March 31, 2016 | Pharmacy |
The Journal of Clinical Pharmacology recently accepted and published a research manuscript by Dr. Landry Kamdem, associate professor of pharmaceutical sciences at Harding University, and his team.
In this research, titled “Impact of UGT2B17 Gene Deletion on the Pharmacokinetics of 17-hydroexemestane in Healthy Volunteers,” Kamdem studied how a drug prescribed for breast cancer patients reacted in people with a particular gene, the UGT2B17 gene.

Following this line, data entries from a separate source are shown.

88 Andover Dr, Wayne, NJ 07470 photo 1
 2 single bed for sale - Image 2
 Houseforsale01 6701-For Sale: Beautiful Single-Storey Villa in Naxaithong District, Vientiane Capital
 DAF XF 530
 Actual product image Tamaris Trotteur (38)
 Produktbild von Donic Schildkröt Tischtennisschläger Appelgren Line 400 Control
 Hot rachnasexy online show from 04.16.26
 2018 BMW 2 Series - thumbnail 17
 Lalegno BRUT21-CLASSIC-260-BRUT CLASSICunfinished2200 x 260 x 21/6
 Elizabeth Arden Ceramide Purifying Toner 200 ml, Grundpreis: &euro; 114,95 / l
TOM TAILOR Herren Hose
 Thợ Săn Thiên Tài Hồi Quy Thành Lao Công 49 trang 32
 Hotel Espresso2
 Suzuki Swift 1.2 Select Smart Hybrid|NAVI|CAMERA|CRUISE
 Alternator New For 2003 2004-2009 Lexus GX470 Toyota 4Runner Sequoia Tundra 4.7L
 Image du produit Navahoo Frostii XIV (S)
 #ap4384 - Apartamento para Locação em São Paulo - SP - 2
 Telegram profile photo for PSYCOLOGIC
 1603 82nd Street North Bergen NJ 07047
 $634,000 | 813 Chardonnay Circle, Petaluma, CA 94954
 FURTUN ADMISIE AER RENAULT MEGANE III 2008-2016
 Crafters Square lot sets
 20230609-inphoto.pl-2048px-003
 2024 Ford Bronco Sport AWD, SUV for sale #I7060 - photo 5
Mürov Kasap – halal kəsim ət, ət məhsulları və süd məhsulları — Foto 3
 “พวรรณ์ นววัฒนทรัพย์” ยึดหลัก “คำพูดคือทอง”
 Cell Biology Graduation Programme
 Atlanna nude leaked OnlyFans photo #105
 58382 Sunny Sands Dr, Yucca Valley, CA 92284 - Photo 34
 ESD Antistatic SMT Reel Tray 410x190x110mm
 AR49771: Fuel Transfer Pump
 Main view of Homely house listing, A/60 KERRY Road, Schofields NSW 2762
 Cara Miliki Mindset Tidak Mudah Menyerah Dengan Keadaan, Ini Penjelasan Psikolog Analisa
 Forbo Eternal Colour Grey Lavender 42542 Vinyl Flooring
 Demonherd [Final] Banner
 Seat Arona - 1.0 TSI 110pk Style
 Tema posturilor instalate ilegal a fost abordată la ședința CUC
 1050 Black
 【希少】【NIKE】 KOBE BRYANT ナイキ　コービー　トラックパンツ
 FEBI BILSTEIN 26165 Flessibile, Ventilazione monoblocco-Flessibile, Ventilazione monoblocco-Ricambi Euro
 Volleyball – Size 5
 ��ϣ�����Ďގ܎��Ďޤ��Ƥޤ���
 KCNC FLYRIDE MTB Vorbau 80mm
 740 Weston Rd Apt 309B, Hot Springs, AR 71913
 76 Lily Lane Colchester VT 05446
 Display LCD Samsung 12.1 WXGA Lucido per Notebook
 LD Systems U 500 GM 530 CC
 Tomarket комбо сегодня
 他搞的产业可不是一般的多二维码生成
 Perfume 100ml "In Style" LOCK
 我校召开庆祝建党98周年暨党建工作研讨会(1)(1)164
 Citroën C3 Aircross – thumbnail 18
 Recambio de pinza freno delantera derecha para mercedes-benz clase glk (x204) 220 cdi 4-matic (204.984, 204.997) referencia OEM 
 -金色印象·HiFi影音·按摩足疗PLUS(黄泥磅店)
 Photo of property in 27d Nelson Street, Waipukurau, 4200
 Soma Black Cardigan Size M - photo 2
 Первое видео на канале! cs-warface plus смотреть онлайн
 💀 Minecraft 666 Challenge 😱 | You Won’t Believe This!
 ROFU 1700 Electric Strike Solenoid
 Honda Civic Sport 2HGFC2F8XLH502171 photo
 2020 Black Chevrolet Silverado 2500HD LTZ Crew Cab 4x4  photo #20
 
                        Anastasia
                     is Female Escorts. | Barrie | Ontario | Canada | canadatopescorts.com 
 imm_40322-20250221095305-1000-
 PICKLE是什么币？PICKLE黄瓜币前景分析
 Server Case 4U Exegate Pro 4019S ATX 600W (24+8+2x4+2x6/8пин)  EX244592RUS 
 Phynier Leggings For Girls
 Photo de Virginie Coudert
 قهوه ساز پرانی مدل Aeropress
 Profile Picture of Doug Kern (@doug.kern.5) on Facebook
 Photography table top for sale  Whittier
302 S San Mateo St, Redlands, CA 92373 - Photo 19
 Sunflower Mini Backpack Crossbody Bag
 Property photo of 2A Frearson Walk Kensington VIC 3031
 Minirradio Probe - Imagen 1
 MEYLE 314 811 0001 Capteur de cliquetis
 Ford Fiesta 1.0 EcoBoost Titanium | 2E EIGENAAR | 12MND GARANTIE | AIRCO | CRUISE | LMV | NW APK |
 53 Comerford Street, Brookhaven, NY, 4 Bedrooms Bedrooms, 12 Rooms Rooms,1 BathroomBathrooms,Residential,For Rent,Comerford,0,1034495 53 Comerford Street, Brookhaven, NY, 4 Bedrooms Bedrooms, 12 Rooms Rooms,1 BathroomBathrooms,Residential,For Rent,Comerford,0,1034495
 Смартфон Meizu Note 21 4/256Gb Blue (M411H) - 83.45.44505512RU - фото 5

After undergoing treatment to eradicate the hormone-positive breast cancer, postmenopausal patients will take one of three aromatase inhibitors, which prevents the production of estrogen, to prevent the cancer from returning. Kamdem and his team examined the aromatase inhibitor called Exemestane and how it reacted with women who possess the UGBT217 gene. He has also done pharmacogenetic research on the other two aromatase inhibitors to find how they react in patients with specific genes, research that no one else has ever done in the world.
“Drugs have specific genes with which they interact,” he said. “We want to see if the drugs are benefiting the patient or if they’re toxic. We want to improve efficacy, reduce toxicity, and ultimately reduce health care costs for the patient.”
Kamdem designed the research study in 2010 and began working shortly after receiving the American Society for Clinical Pharmacology’s Young Investigator Award in 2011 and a grant. An additional phase of the research was just approved where Kamdem and his team will survey 1,400 cancer patients about their adherence to medication. Kamdem hopes to continue conducting similar studies as he finds new genes.
“Now that the research is published, I feel blessed and overjoyed for all the contributors and women who participated in this study because it is my strong belief that this research will pave the way for individualized breast cancer therapy.”